If you click that you will see very little options, for this tool. None of which we are going to change, so leave the style set to normal on your tool options pallet. Now how we slice this image up is really important for this to work. The pieces that will cause problems will be the nav bar, and you will soon understand why our design had to be perfectly centred.


When you make a slice in the image, your tool doesn't just slice a straight line like you might imagine, you drag out a box over the image, and the little box/es will become the separate image/s. The next thing you really want to make sure is that your slices are on the exact pixel you want the image to be sliced on, so once you think you have them done zoom right in and take a look, and make sure your not chopping off any pixels from another shape.


Ok so where to slice, with the design I have done, I need one right down the left hand side for the background, then the header, then the nav, with a separate slice for each button, then one for the page image, one for the top of the contents box, the main body of the contents box, and finally one for the contents box.

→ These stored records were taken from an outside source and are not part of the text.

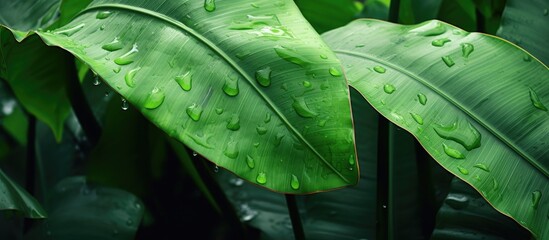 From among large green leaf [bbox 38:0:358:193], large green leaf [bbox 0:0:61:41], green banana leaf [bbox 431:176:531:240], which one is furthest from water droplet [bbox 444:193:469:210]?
large green leaf [bbox 0:0:61:41]

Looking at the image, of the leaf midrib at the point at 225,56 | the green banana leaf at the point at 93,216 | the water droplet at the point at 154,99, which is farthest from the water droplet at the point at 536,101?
the green banana leaf at the point at 93,216

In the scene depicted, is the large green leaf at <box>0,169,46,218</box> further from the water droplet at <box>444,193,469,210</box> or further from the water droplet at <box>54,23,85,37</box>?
the water droplet at <box>444,193,469,210</box>

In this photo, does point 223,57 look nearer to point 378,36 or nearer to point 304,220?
point 378,36

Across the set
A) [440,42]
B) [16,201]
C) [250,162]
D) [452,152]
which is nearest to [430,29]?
[440,42]

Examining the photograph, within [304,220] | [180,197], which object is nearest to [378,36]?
[304,220]

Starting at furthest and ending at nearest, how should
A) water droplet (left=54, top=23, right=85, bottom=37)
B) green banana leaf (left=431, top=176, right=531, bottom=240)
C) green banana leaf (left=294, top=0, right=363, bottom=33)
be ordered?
1. green banana leaf (left=294, top=0, right=363, bottom=33)
2. green banana leaf (left=431, top=176, right=531, bottom=240)
3. water droplet (left=54, top=23, right=85, bottom=37)

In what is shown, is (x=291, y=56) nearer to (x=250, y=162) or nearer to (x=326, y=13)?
(x=250, y=162)

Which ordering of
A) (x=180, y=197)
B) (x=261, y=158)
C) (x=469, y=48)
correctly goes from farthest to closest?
1. (x=180, y=197)
2. (x=469, y=48)
3. (x=261, y=158)

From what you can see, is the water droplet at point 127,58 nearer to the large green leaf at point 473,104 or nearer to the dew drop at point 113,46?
the dew drop at point 113,46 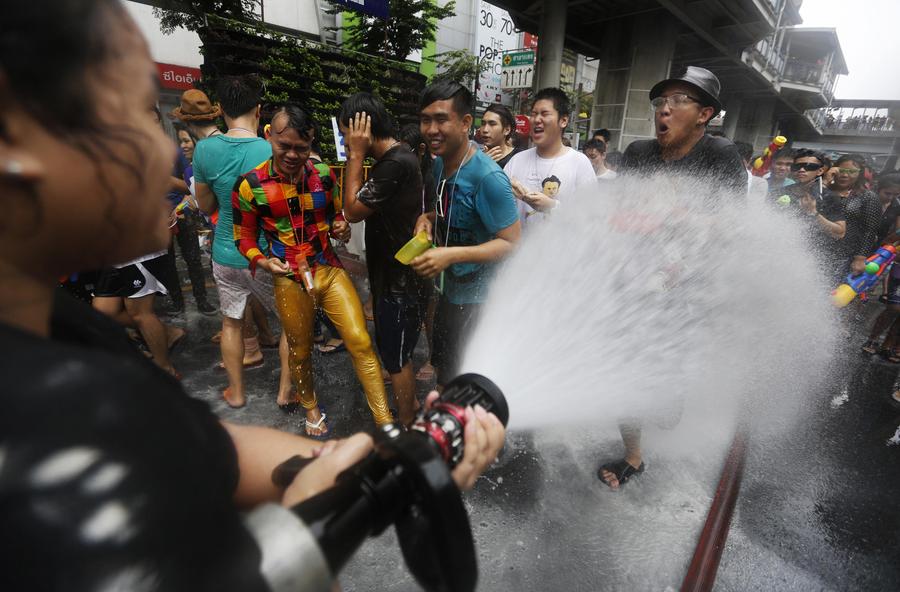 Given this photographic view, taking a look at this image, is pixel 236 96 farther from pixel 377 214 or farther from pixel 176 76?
pixel 176 76

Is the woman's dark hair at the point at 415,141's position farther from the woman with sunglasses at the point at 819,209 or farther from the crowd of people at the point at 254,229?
the woman with sunglasses at the point at 819,209

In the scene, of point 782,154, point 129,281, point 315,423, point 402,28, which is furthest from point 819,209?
point 402,28

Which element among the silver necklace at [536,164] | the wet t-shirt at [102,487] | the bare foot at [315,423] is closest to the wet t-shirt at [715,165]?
the silver necklace at [536,164]

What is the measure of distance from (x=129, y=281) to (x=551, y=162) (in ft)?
13.0

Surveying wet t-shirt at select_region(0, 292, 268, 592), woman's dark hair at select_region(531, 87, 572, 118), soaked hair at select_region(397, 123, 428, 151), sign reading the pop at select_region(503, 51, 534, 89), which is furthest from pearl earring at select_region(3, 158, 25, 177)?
sign reading the pop at select_region(503, 51, 534, 89)

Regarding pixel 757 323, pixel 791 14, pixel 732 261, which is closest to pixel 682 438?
Result: pixel 757 323

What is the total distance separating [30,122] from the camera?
0.56 meters

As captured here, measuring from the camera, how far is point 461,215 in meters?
2.95

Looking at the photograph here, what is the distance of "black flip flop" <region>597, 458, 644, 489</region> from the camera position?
3029 mm

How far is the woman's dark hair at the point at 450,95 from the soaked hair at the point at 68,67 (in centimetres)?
248

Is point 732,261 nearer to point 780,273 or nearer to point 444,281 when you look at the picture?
point 780,273

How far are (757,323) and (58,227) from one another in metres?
4.13

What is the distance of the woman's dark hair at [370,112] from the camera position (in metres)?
2.99

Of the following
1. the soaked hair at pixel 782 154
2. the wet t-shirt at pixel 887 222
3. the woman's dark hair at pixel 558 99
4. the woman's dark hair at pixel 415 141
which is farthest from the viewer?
the soaked hair at pixel 782 154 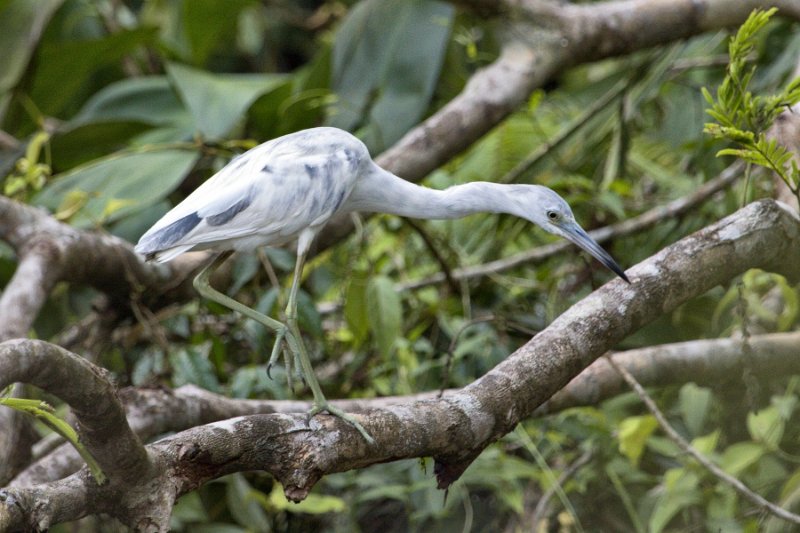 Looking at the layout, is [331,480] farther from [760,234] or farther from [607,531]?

You might think we would need one for each corner of the box, one for each side, and one for the main contents. But it doesn't really work like that, because of the the way Divs work which we will talk more about later, but it means that it is simpler to just take on slice for the top bar of the contents box, one for the main, and one for the bottom bar which I will show you shortly.


Now I will talk allot more about programming, html, javascript and php, even object orientated programming, but for now just have faith that this is the best way to do it and you will understand why once we start porting this into Dreamweaver. One thing to mention here is that even though you have centred your objects using guides you may still find that when slicing you boxes and various parts of you design are slightly out of alignment, this is your opportunity to move them and resize them slightly to ensure that they all line up correctly. This is important to make sure that your slices are good, and will avoid problems later on.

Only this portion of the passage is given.